THE tale of the “home alone maths star” Lwazi Shezi was the 2013 matric story that captured the hearts of Witness readers. Today he’s studying actuarial science at the University of Cape Town.

“It’s really difficult compared to school,” said Lwazi (17), “but I think I’m managing well.”

Lwazi lived entirely alone for his matric year, and was a full year younger than his youngest class-mates — yet he emerged as the top maths pupil in KwaZulu-Natal.

Lwazi scored 100% for both maths and accounting, was one of the top 10 pupils in the province overall, and the top maths pupil in South Africa for previously disadvantaged (Quintile 4) schools, ranked third nationally for maths overall.

The Velabahleke High School pupil told The Witness his achievement was largely thanks to the support of a neighbour, Zodwa Nhlangulela in Umlazi, where he had lived alone for three years in order to attend a better school than the ones near his parents’ home.

Realising that Lwazi was living alone at a critical time in his education, Nhlangulela took it upon herself to cook, clean and even do laundry for Lwazi while he was glued to his books.

But despite his matric triumph Lwazi was doubtful about being able to fund future study because he had not secured a bursary.

Then local businessman Xolani Mbutho, touched by Lwazi’s story, stepped forward to pay for his fees at UCT. Now Lwazi is also being backed by the South African Actuaries Development Programme (SAADP).

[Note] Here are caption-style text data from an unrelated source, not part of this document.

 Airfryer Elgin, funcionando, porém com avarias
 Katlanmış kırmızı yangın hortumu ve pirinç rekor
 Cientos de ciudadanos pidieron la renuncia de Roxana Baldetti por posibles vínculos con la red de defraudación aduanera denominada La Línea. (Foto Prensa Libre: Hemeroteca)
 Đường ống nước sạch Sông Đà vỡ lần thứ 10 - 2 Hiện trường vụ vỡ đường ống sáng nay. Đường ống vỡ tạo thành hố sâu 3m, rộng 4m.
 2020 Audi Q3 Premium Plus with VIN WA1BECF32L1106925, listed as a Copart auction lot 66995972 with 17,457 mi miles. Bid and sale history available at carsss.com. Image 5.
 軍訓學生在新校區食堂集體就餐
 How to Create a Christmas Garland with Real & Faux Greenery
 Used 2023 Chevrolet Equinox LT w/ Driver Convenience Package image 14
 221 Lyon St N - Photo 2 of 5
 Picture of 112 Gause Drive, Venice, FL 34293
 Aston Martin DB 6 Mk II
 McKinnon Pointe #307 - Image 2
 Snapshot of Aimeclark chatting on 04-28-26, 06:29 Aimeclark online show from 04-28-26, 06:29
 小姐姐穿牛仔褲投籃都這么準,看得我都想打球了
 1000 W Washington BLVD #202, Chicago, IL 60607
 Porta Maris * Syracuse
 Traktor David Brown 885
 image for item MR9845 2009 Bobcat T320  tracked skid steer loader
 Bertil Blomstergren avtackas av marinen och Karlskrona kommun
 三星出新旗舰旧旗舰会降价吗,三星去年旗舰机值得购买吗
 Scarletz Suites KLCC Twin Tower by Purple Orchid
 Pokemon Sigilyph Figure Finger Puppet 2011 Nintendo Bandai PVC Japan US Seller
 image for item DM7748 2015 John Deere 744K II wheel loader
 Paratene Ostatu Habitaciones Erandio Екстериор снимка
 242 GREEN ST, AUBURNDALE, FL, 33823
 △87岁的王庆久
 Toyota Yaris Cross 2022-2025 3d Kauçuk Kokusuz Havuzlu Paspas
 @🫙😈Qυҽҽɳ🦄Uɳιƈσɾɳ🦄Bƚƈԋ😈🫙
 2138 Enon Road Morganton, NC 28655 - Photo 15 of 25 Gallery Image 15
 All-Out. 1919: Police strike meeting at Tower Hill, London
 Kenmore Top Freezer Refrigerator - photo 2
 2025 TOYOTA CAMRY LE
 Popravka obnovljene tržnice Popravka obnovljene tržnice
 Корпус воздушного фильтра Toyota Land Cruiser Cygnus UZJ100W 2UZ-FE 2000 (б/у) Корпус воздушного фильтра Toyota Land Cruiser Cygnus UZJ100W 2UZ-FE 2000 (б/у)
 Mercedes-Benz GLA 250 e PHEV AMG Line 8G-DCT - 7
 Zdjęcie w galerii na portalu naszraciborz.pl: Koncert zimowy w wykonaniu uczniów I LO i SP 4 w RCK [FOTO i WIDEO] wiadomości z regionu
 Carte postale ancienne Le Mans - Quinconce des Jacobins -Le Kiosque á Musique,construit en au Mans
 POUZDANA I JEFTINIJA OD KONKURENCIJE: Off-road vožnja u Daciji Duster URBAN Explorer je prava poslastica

Today Lwazi lives in a student residence in Rosebank close to UCT where he began writing his end-of-year exams on Friday. “I will be writing five papers over two weeks,” he said.

“High school was very different to here. Before it was study, study, study every second. Now the main problem is managing distractions.”

But not the usual student distractions. The university has opened up new areas of interest to him. “I’m trying to accommodate those into my life,” he said. “I’ve also become interested in philosophy, anthropology and sociology.” So much so, Lwazi might extend his four-year degree to a fifth so he can include one of these as an extra subject.

And his advice for those embarking on matric today? “Plan for what you want to be. Your matric results will decide for you what you will be. With a good matric you have more chance of being a somebody.”